One topic which was covered in university, but which I never understood, is how a spinning top "magically" resists the force of gravity. The conservation of energy explanations make sense, but I don't believe that they provide as much insight as a mechanical explanation would.
The hyperphysics link Cedric provided looks similar to a diagram that I saw in my physics textbook. This diagram illustrates precession nicely, but doesn't explain why the top doesn't fall. Since the angular acceleration is always tangential, I would expect that the top should spiral outwards until it falls to the ground. However, the diagram seems to indicate that the top should be precessing in a circle, not a spiral. Another reason I am not satisfied with this explanation is that the calculation is apparently limited to situations where: "the spin angular velocity $\omega$ is much greater than the precession angular velocity $\omega_P$". The calculation gives no explanation of why this is not the case.
Best Answer
This is a rather old topic, but I felt I might have what you're looking for.
In response to some of the answers, you write:
Absolutely, that is what you should expect to happen. And it does ... momentarily. The final solution is a little more involved than just being uniform rotation around the vertical axis.
In order to understand this, imagine that you take a spinning top which you have just set down at time $t = t_0 $ on the ground.

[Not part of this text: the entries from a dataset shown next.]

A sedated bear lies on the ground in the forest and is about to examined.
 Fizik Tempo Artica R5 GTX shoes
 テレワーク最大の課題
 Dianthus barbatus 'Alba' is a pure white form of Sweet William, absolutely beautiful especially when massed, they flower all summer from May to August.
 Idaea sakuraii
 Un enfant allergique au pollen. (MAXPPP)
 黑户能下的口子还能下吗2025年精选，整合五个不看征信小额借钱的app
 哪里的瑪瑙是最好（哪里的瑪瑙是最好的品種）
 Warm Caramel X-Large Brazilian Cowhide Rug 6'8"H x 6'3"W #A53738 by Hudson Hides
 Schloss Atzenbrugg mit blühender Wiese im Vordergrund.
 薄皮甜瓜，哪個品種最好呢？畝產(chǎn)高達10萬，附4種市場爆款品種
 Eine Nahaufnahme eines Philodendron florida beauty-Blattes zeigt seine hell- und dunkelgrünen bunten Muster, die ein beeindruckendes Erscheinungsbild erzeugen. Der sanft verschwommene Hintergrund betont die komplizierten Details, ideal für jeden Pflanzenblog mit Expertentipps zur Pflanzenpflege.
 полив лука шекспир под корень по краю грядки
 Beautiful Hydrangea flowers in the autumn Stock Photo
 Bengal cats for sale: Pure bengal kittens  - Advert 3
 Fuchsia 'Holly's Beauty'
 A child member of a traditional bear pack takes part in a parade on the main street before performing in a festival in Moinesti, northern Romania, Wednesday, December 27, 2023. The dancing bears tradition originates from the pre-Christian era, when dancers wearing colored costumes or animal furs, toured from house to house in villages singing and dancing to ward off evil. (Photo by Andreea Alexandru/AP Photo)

Now, what happens in the next instant is exactly what you intuitively expect - the top begins to fall under gravity's influence and $ \phi $ (see figure for notation) starts to increase going from $ \phi \rightarrow \phi + \delta \phi $ at time $t_1$. Consequently the angular momentum $ \mathbf{L} $ of the top changes.
This is similar to what happens in the 2nd figure on the hyperphysics page, where $\delta \mathbf{L}$ is in the direction of $ \delta \theta $, only now $ \delta \mathbf{L} $ in the direction $ \delta \phi $ and lies in the plane containing the longitudinal axis $L_A$ of the top and the central vertical axis $V_A$.
Increasing $\phi$ lowers the center of mass of the top and thus its potential energy by an amount $ -\delta U $. Assuming energy conservation, this translates to an increase in the kinetic energy $\delta K$ of the top. Since the top is constrained to have zero linear momentum, this $ \delta K$ contributes entirely to the top's rotational energy.
Keep in mind, however, that the top is now rotating around two different axes. One component is the original spinning motion around its own longitudinal axes and the other is the rotation induced by gravity around the direction $N_A$ normal to the plane containing $L_A$ and $V_A$. Therefore, the $\delta K$ must be appropriately portioned between these two motions. Let's see how this happens.
The moment of inertia of the top ($I_A$) around the axis $L_A$ is clearly less than that ($I_V$) around the axis $N_A$. This is true for all but the most oddly shaped tops. Convince yourself that this is the case. In circuits more current flows through paths with lower resistance. Likewise in mechanics more energy is transferred to the component with lesser inertia. Thus the greater portion of $\delta K$ will go to increasing the angular momentum of the top around its longitudinal axis $L_A$ by some amount $\delta L'$
Now, conservation of angular momentum requires that there be a torque corresponding to this increase. The effect of this induced torque is to cause the falling top to start swinging back upwards. In this way, instead of a spiral, the tip of the top traces out something like a cycloid as it precesses around the central axis.
The circular trajectory is an idealization only achieved in the limit that $\omega_s / \omega_p \rightarrow \infty$, where $\omega_s$ is the spin angular velocity and $\omega_p$ is the precession angular velocity. Any top with realistic values of $\omega_s$ and $\omega_p$ will have finite "wobble".
I would not have known of this rather elaborate dynamics if not for one of Feynman's lecture volumes (Part I, I think) where this question is considered in great detail!
The above write-up is a little on the hand-wavy side and there probably are errors in my reasoning. For the full kahuna look up the Feynman lectures !